We appreciate Dr. Geerts' evaluation of our work. We are aware that our conclusions differ from the 8th ACCP guidelines about the prevention of VTE after knee arthroscopy (1). We also note that Table 9 in those guidelines incorrectly lists the incidence of VTE found in our trial: The table's numbers for our trial differ from those presented at the last International Society of Thrombosis and Haemostasis Congress and from those presented in our article. We offer the following responses to the other points made by Dr. Geerts.

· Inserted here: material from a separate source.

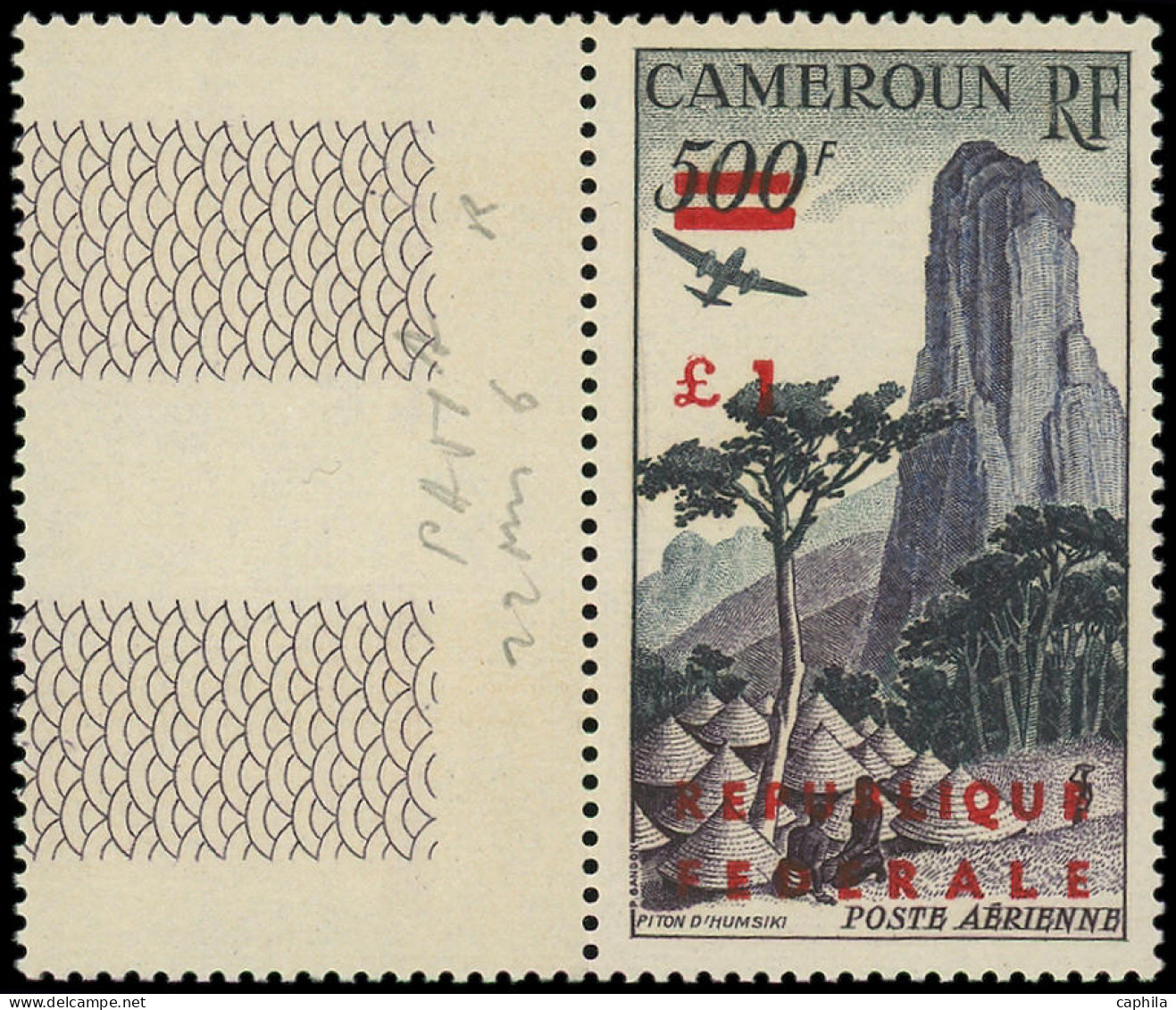 ** CAMEROUN - Poste Aérienne - 51a, Grande Surcharge, Bdf: 1 £ Sur 500f. - Autres & Non Classés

First, we agree that the accuracy of ultrasonography in the setting of asymptomatic calf DVT is suboptimal (2). As stated in the methods of the published article, the primary efficacy end point included only symptomatic calf DVT events, in accordance with the European Medicines Evaluation Agency and the ACCP guidelines. Besides, ultrasonography has been widely used in trials that evaluated thromboprophylaxis after knee (35) and ankle surgery (6).

Second, we strongly disagree with Dr. Geerts' statements that muscular venous thromboses are generally not even considered to be DVT and that they are usually not included as outcomes in clinical trials. According to Gray's Anatomy (7), muscular veins are classified as deep because they are tributaries of the popliteal vein and accompany the branches of the popliteal artery. As far as we know, none of the large trials of thromboprophylaxis after orthopedic surgery report the distribution of calf DVT. Rather, most trials report distal DVT outcomes detected by either venography or ultrasonography (6, 8, 9). Regardless, for the sake of discussion, we report more detail regarding the site of asymptomatic and symptomatic thromboses in the Table.

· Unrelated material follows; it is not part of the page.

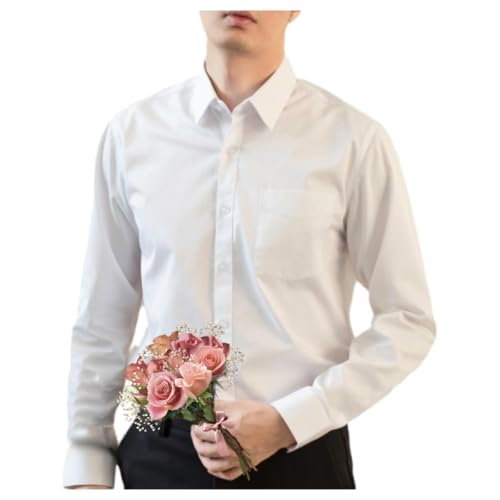 WAMIZEU Herren-Langarmhemden, bügelfrei, langärmelig, einfarbig, Stretch, normale Passform, Kleid, Business, formelles Hemd (Rosa, Größe 45XL) von WAMIZEU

Third, we think that a distinction between symptomatic and asymptomatic calf DVT is justified because of the European Medicines Evaluation Agency and ACCP requirements for ultrasonographic end points. We could not afford a double-blind, double-dummy design. To minimize bias, we used an assessor-blind strategy. We agree with Dr. Geerts' statement that asymptomatic patients were twice as likely as symptomatic patients to have leg thromboses. Many large trials that evaluate thromboprophylaxis report similar findings.

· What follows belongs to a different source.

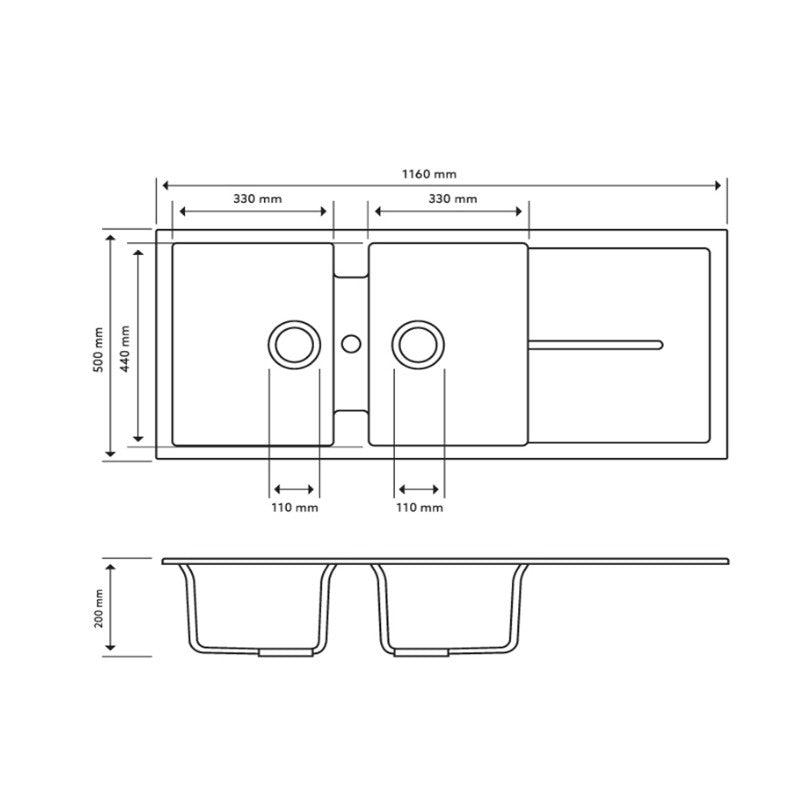 Carysil | 1160 Enigma Deep Black Granite Kitchen Sink - Acqua Bathrooms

Fourth, it is not unusual for thromboprophylaxis trials to find statistically significant differences between groups in distal DVT, yet no statistically significant differences between groups for less frequent outcomes, such as death, symptomatic pulmonary embolism, symptomatic proximal DVT or pulmonary embolism, or all proximal DVT or pulmonary embolism. We note that the overall number of efficacy plus safety events in the 7-day LMWH group was about 50% less than that in the graduated compression stockings group (12 events vs. 23 events). Also, 4 of 6 safety events in the 7-day LMWH group were nonlife-threatening hemarthroses only.

Fifth, as stated in the published article, the study was designed as a 3-group trial, and the data and safety monitoring board halted the 14-day heparin group after the second interim analysis. The sample size calculations reported in the published paper were those originally calculated for the 3-group trial. The trial protocol specified a priori only symptomatic distal DVT and not asymptomatic distal DVT as a component of the primary end point.

In conclusion, we believe our results are valid, and we agree with Hull's editorial (10), which says that it is now time to change our clinical practice and to revisit policies that maximize bleeding avoidance and minimize thrombosis avoidance, because sudden death due to massive pulmonary embolism may well be the dominant harm rather than fatal bleeding due to thromboprophylaxis.